§ Problem to solve: Start at the top line and retype the data exactly through to the end.
[[ Record excerpts open ]]
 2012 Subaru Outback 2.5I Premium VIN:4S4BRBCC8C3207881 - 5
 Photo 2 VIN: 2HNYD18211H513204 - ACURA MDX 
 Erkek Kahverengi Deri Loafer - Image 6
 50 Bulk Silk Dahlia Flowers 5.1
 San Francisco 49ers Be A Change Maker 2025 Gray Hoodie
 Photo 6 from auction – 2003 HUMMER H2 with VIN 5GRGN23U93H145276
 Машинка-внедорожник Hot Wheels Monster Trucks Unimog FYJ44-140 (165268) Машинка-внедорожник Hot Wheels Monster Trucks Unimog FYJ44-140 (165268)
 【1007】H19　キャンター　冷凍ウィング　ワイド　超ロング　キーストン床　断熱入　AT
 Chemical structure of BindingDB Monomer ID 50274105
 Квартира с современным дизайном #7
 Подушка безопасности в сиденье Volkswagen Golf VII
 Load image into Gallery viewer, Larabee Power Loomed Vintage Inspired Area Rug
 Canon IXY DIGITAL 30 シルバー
[[ Record excerpts closed ]]
§ Reply to the task:
 2012 Subaru Outback 2.5I Premium VIN:4S4BRBCC8C3207881 - 5
 Photo 2 VIN: 2HNYD18211H513204 - ACURA MDX 
 Erkek Kahverengi Deri Loafer - Image 6
 50 Bulk Silk Dahlia Flowers 5.1
 San Francisco 49ers Be A Change Maker 2025 Gray Hoodie
 Photo 6 from auction – 2003 HUMMER H2 with VIN 5GRGN23U93H145276
 Машинка-внедорожник Hot Wheels Monster Trucks Unimog FYJ44-140 (165268) Машинка-внедорожник Hot Wheels Monster Trucks Unimog FYJ44-140 (165268)
 【1007】H19　キャンター　冷凍ウィング　ワイド　超ロング　キーストン床　断熱入　AT
 Chemical structure of BindingDB Monomer ID 50274105
 Квартира с современным дизайном #7
 Подушка безопасности в сиденье Volkswagen Golf VII
 Load image into Gallery viewer, Larabee Power Loomed Vintage Inspired Area Rug
 Canon IXY DIGITAL 30 シルバー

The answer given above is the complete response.